• TASK OBJECTIVE:
Write out the listing verbatim. No pictures belong in it.

• MATERIAL PROVIDED:
- - - -
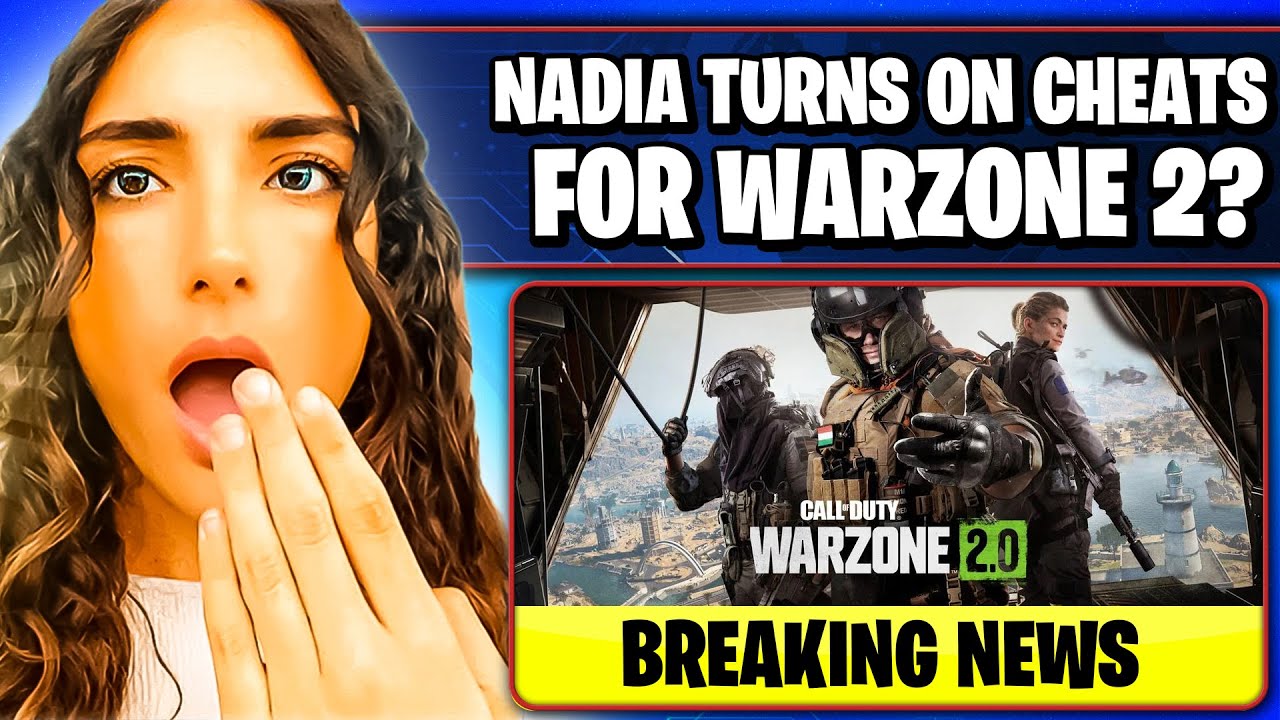 NADIA A-T-ELLE ACTIVÉ SES CHEATS POUR WARZONE 2 0?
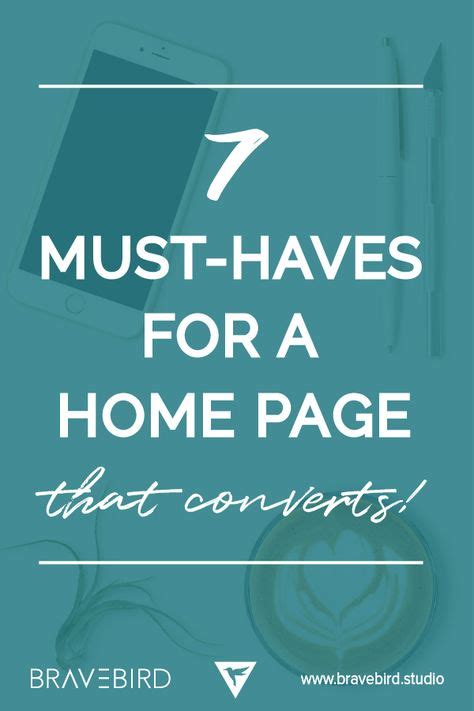7 Must Haves For A Home Page That Converts Web Design Website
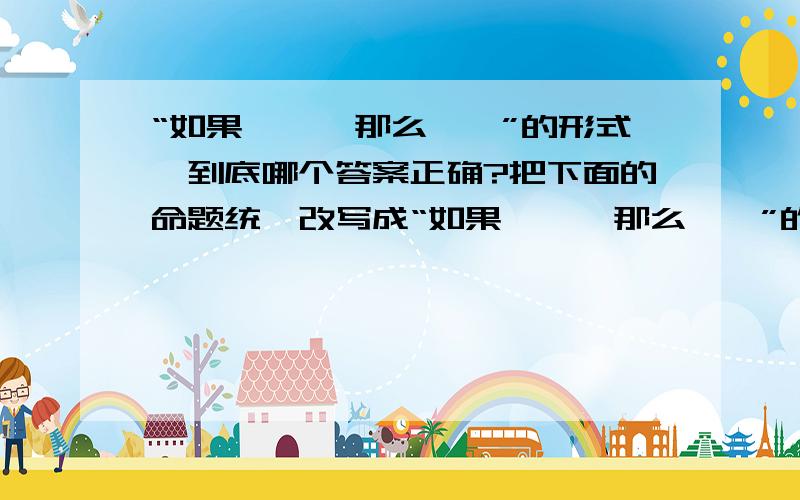 “如果……,那么……”的形式,到底哪个答案正确?把下面的命题统一改写成“如果……,那么……”的形式.权等三角形的对应角相等.答（1）如果这是全等三角形的对应角,那么它们相等.   （2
- - - -
• TASK RESULT:
 NADIA A-T-ELLE ACTIVÉ SES CHEATS POUR WARZONE 2 0?
7 Must Haves For A Home Page That Converts Web Design Website
 “如果……,那么……”的形式,到底哪个答案正确?把下面的命题统一改写成“如果……,那么……”的形式.权等三角形的对应角相等.答（1）如果这是全等三角形的对应角,那么它们相等.   （2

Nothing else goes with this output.